There's a chance, it appears, that the famed Prince Course at Princeville Resort in Hanalei on the island of Kauai, Hawaii, might reopen to the public after all.
The golf course, which closed in early 2015 for renovations, had been slated to reopen as a private club after years as a resort course. But now those plans have been put on hold.
The resort's new ownership partners recently announced that Discovery Land Co. would no longer be managing the development of the 1,103-acre Princeville at Hanalei. Princeville Resort was acquired through a partnership between Hawaii landowner and developer The Resort Group and Reignwood International, owned by billionaire Thai-Chinese businessman Chanchai Ruayrungruang for $343 million in late 2014. One of the items of business was to hire Discovery Land to oversee the development of what would have been a private resort community.
According to a recent statement released by The Resort Group: "As stewards of Princeville at Hanalei for more than 10 years, The Resort Group takes its role on the North Shore and within the community very seriously. We appreciate all that Discovery Land Company has done for us during this time, and consider them experts at what they do... We remain committed to the sustainable, environmentally focused development of this uniquely beautiful location, and we expect to maintain nearly all of the local employment positions associated with the project."
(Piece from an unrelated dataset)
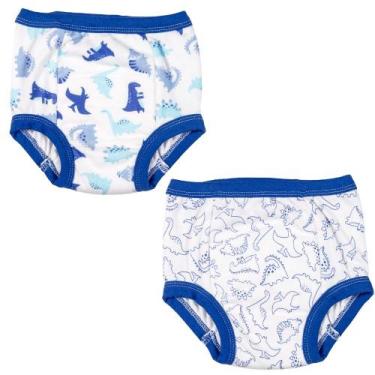 Imagem de Cueca de Desfralde Estampada Confortável Infantil Tamanho P Impermeáve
So what does all this mean?
"We're in kind of a holding pattern, a re-conceptualization of the project," said Sam Ainslie, adviser to the Resort Group for the last eight months. "It was really a mutual decision [between Discovery Land Co., and The Resort Group]. We wanted to look at some different alternatives."
The original project called for the Robert Trent Jones Jr.-designed Princeville Course -- considered one of the most stunning and difficult golf courses in Hawaii -- to be renovated and reopen as a private course. But now it could reopen as a resort course -- with or without members, or management -- could still open it as a private club.
Ainslie said all options are being considered at this point.
"What's the best use for the golf course with this being a resort community? Going private was the direction before, but not necessarily now," Ainslie said.
Princeville's Prince Course is among America's best
Opened in 1991, the 7,378-yard, par-72 course has elevated tees, ravines and aggressive natural vegetation. With its stunning vistas and variety of holes, it's been ranked among America's top 100 public courses.
It also has a slope/rating of 140/76.2 from the tips, and ownership realized the course was too difficult for the average player and high handicappers that would surely be part of a private membership. Of course, resort guests might enjoy it more if there was a little more room to miss shots. In particular, the first hole, a short par 4 with a small landing area in front of a large ravine that sets up a very difficult approach is one of the most difficult starting holes in golf.
"We want it to be more user friendly," said Ainslee, whose background is in golf course development. "Resistance to scoring needs to be something other than the lost golf ball."
Since its closure, the course has been maintained with a skeleton crew, but no renovation work has begun.
Discovery Land's role was to help oversee Princeville's master development plan, as well as construction, marketing, and private club community operations -- all are on hold now.
"The idea is simply to take a timeout," Ainslie said.
Officials are hoping course renovation work, overseen by Jones, can begin during the first quarter of 2016.